Prince Hamlet of Denmark (Branagh and his peroxided hair) is understandably upset when, only a short time after his father's death, his mother Gertrude (Julie Christie) marries his uncle Claudius (Derek Jacobi), who is now the new king. But when Hamlet encounters the tormented ghost of his father (Brian Blessed), he learns that his dad was murdered by his uncle. But he's plagued by indecision, since he's unsure if the spirit was truly his dad.
Over the days that follow, Hamlet's behavior becomes more bizarre and erratic. He treats his girlfriend Ophelia (Kate Winslet) horribly, arranges a play that mimics real life a little too closely, and generally acts like a loon. But when an argument with Gertrude ends in tragedy, Claudius plots to have Hamlet killed upon his return to England. And as madness and death fester in Denmark's palace, Hamlet is drawn back to have his final vengeance -- but doing so may destroy him and everyone he knows.
"Hamlet" is one of those plays that only really comes out two ways -- either you have a passionate, intense tragedy full of very human characters, or you have two boring hours of some whiny guy talking to himself. While "William Shakespeare's Hamlet" has some draggy bits (which isn't surprising, considering the FOUR HOUR length), the sheer passion and verve keeps it energized.
And Branagh stages everything like a play, set on a very elaborate stage. The forests and expanses of Denmark look faintly artificial, and the palace is a great black-and-white checkerboard with mirrored doors and scarlet carpets. Branagh follows Shakespeare's immortal writing faithfully, but also adds some wild, vivid spins of his own -- the action-packed duel, Ophelia getting hosed down, Hamlet's fantasies of stabbing his uncle.
The biggest problem? Sometimes Branagh gets too bombastic and flashy when he should show more subtlety -- when he mentions hell, the ground splits open and spews flame. And the final clash with Claudius is marred by a falling chandelier that seems more Errol Flynn than Shakespeare.
Branagh (and his peroxided hair) play Hamlet as almost bipolar -- when he isn't roaring with manic energy (guess what happens during the play!), he whispers unblinkingly with wire-taut tension.
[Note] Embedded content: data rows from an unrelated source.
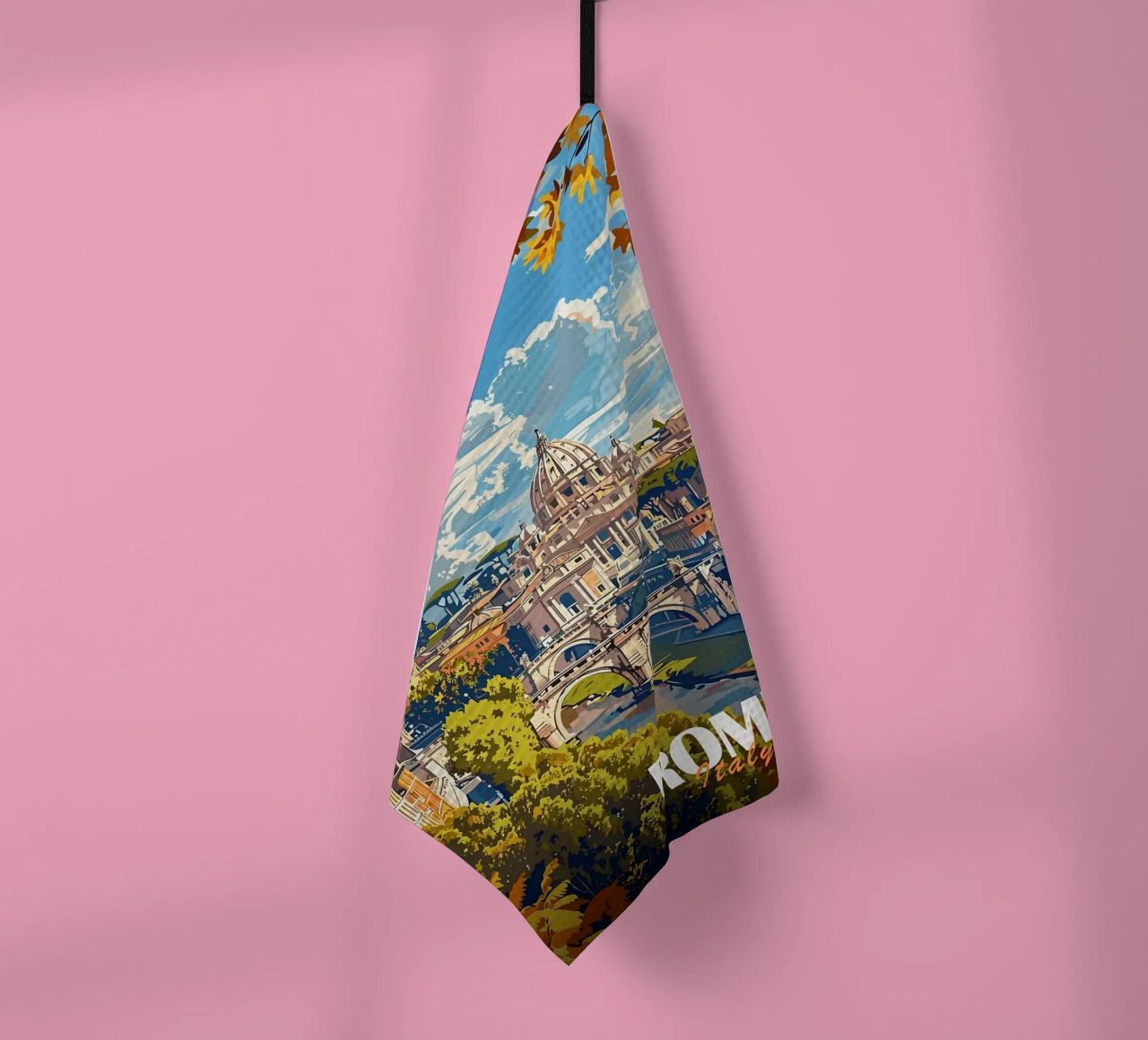 Vue de la ville de Rome et de la basilique Saint-Pierre torchon de Michael Wiese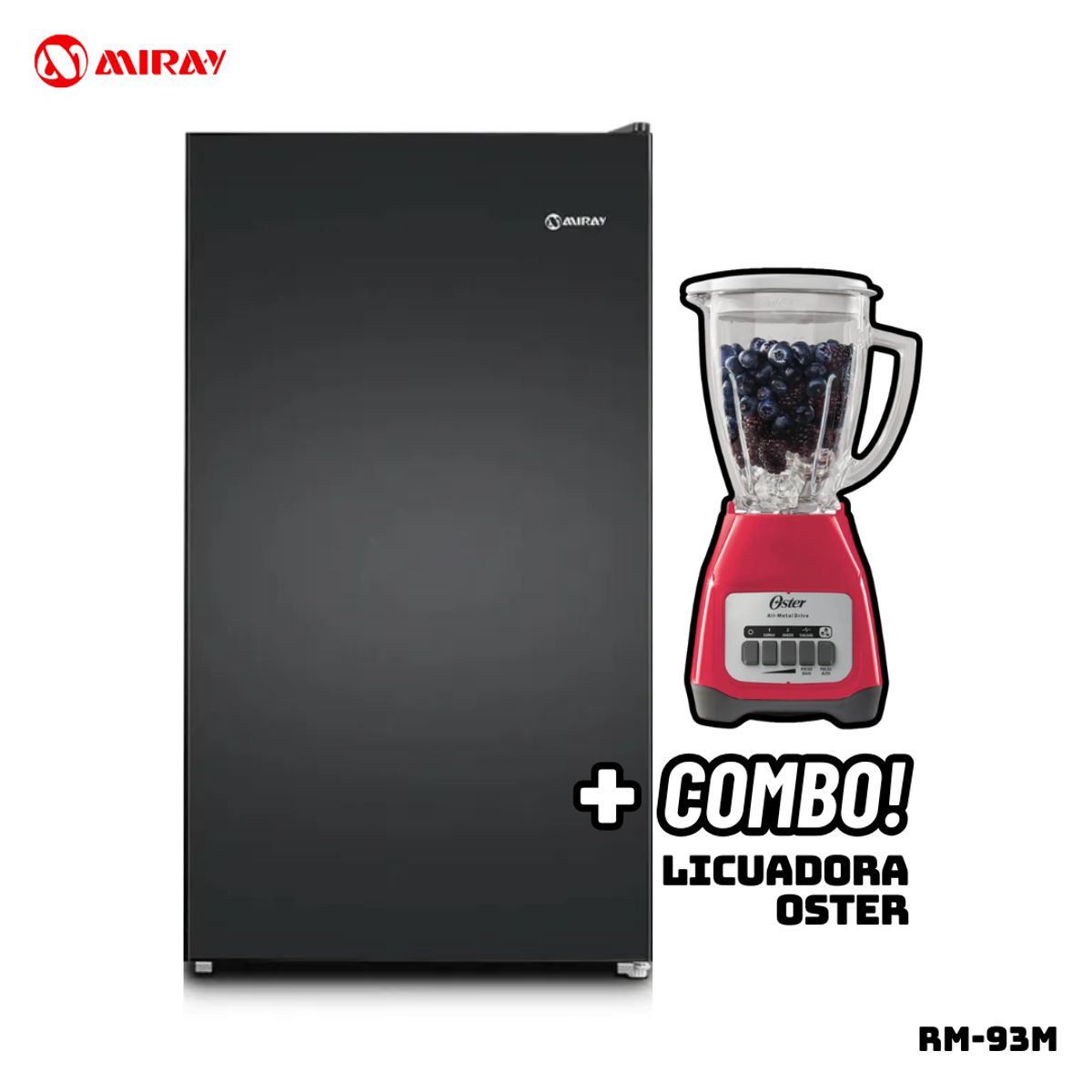 MIRAY - FRIGOBAR MIRAY 93 L NEGRO - RM-94M + LICUADORA OSTER BLSTKAGMPB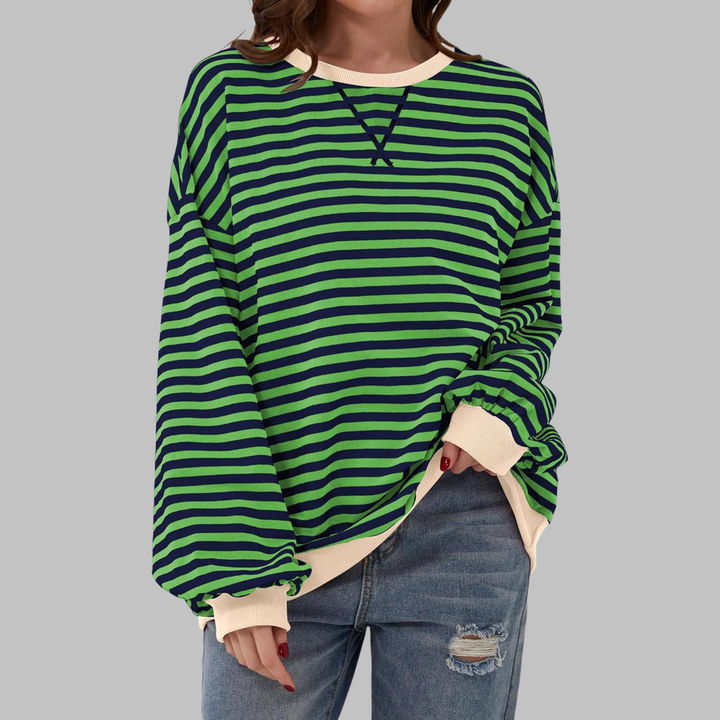 Margaret | Casual Lange Mouwen Gestreepte Sweatshirt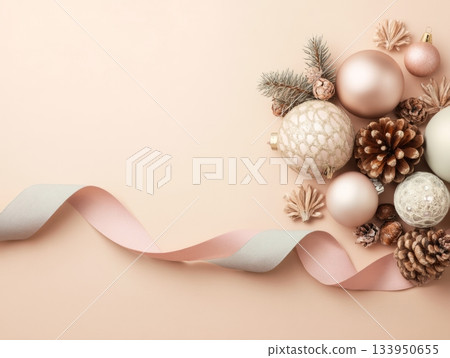 Pastel Christmas Flat Lay with Ornaments and Ribbon Pastel Christmas Flat Lay with Ornaments and Ribbon 133950655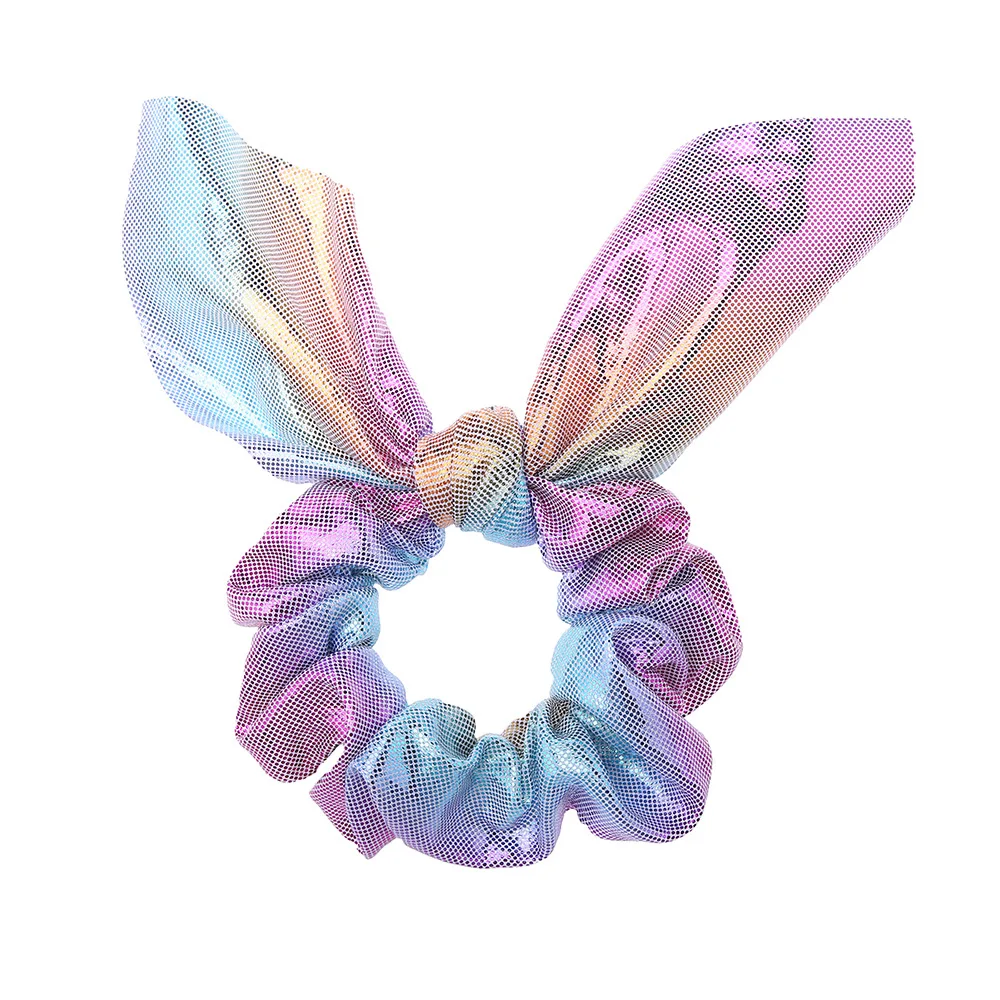 Hot- selling hot- gold rabbit ears small ribbon gradient laser simple European and American fashion small intestine circle 10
He clearly has an intense love for the material, and it becomes almost exhausting to see him pour so much passion and emotion into every line that Hamlet utters.
And Kate Winslet gives the most perfect Ophelia performance ever, descending into glazed-eyed, giggling insanity halfway through the movie. Branagh also managed to get an all-star cast for this, with some mesmerizing performances by Christie, Jacobi, Rufus Sewell, Nicholas Farrell, Richard Briers and Blessed (why did he get Brian Blessed playing a character who only whispers?).
There are also some smaller performances by A-list actors, who all seem very delighted with roles that are barely more than cameos -- Sir John Gielgud, Judi Dench, a clearly enthusiastic Charlton Heston, Billy Crystal, Robin Williams and Gérard Depardieu.
"William Shakespeare's Hamlet" is a powerhouse. While it could use a little less bombast, the rich acting and passionate delivery make it far more intriguing than most four-hour movies can be.